La spending è infatti stata utilizzata in parte dalla legge di Stabilità, come esemplifica un rapporto del servizio del bilancio del Senato. Il comma 427 dell’articolo 1 della legge, poi modificato negli importi dall’articolo 2 del decreto legge sul rientro dei capitali di gennaio scorso, prevede l’adozione, sulla base dell’attività e delle proposte del Commissario straordinario, di misure di razionalizzazione e di revisione della spesa “tali da assicurare una riduzione della spesa delle amministrazioni pubbliche non inferiore a 0,49 miliardi di euro nel 2014, 1,37 miliardi nel 2015, 1,87 miliardi in ciascuno degli anni 2016 e 2017, e 1,19 miliardi a decorrere dal 2018”.

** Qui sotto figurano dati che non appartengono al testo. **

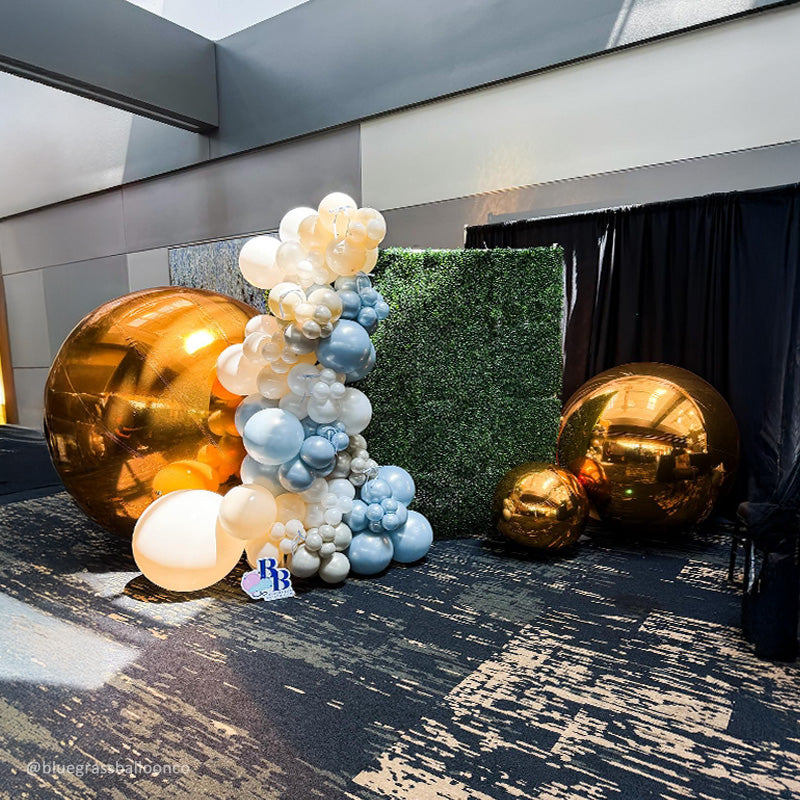 Golden Color Inflatable Mirror Ball Reusable Big Bubble Balloon-ubackdrop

Il comma 430 della stessa legge di Stabilità dispone anche però che entro il 15 gennaio 2015 vengano disposte variazioni delle aliquote di imposta e riduzioni delle agevolazioni e delle detrazioni vigenti tali da assicurare maggiori entrate pari a 3 miliardi di euro per il 2015, 7 miliardi per il 2016 e 10 miliardi per il 2017, “qualora entro il primo gennaio 2015 non siano approvati provvedimenti normativi che assicurino, in tutto o in parte, i predetti importi attraverso il conseguimento di maggiori entrate ovvero di minori spese mediante misure di razionalizzazione e revisione della spesa”. In pratica, quando il governo Letta ha deciso di evitare il taglio delle detrazioni fiscali previsto dalla manovra 2014, ha anche deciso di trovarne copertura nella spending review, con la clausola che se i tagli non saranno sufficienti sarà necessario sopperire con un aumento delle aliquote e delle accise o con una, a quel punto inevitabile, stretta sulle detrazioni (quindi con un aumento delle tasse).

In totale dunque le risorse già impegnate ammontano a 490 milioni per il 2014 (sui 7 miliardi totali previsti), 4,37 miliardi per il 2015 (sui 18 delle slide di Cottarelli), 8,87 per il 2016 (sui 34 cumulativi strutturali), 11,87 per il 2017, 1,19 per il 2018. Una possibile soluzione potrebbe arrivare dalla delega fiscale, che prevede una riorganizzazione complessiva di agevolazioni e detrazioni, ma si tratta in ogni caso di una bella gatta da pelare, considerando che il governo dovrà anche compensare i contributi dalle pensioni previsti da Cottarelli ed esclusi categoricamente da Renzi. Il commissario aveva stimato per quest’anno un possibile apporto temporaneo di 1,4 miliardi. Risorse che ora l’esecutivo dovrà reperire altrove.